The sentences marked one of the final rulings from the criminal justice system on the shocking saga of missed opportunities to stop a sexual predator associated with one of America's most storied college football programs.

Of the three men, Spanier received the lightest sentence - four to 12 months, with at least two months in jail and two more under house arrest.

Former athletic director Tim Curley, 63, and former vice president Gary Schultz, 67, each pleaded guilty to child endangerment.

Sandusky, the football team's disgraced former defensive coordinator, was convicted and sent to prison almost five years ago for molesting 10 boys, many of them on Penn State's campus.

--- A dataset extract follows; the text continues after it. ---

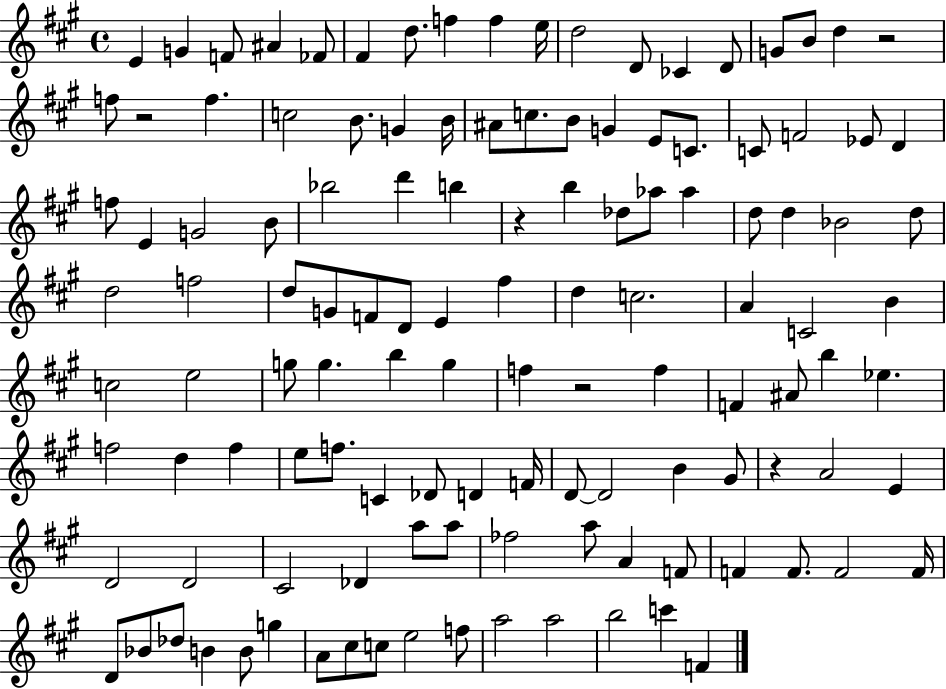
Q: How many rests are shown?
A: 5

The fallout from creep coach Jerry Sandusky's molestation conviction continues to taint Penn State University. From his ouster after Sandusky's arrest in late 2011 through his trial this spring, the former president insisted he was innocent and didn't realize that Sandusky, the longtime assistant to head football coach Joe Paterno, was a threat to children. Paterno, who like the other administrators failed to alert authorities to the 2001 complaint, was never charged with a crime. "Why he didn't is beyond me".

Spanier apologized to the victims, the Penn State community and others impacted by his actions.

"I deeply regret I didn't intervene more forcefully", Spanier told the court Friday.

"I am very remorseful I did not comprehend the severity of the situation".

"It really sickens me to think I might have played a part in children being hurt".

The men were sentenced Friday.

Laura Ditka, the deputy state attorney general who was the lead prosecutor in the case, said Spanier had chosen to protect his and Penn State's reputations, rather than protect children. Four of the initial 52 charges were dropped, but he was convicted of 45 counts of sexual abuse. Spanier had also been accused of conspiracy, but a jury acquitted him on that charge.

The sentence of two months in jail plus another two under house arrest against a once-leading figure in American higher education marks a low point in the largely distinguished career of Graham Spanier, who was Penn State's president from 1995 to 2011.

Following this, Spanier and Curley were charged with perjury, obstruction of justice, failure to report suspected child abuse, and other related charges.

The university has already paid out almost $250 million in settlements, legal bills, fines and other costs stemming from the scandal. He will serve two months in jail, followed by house arrest and also pay a $5,000 fine, according to Grace. Both testified McQueary did not tell them he had witnessed Sandusky molesting a boy.

Curley and Schultz also spoke out following their sentencing. In sentencing memos to the judge this week, prosecutors criticized Curley for the "astonishing" gaps in his memory.

"I'm sorry to the men who were victimized by Jerry Sandusky".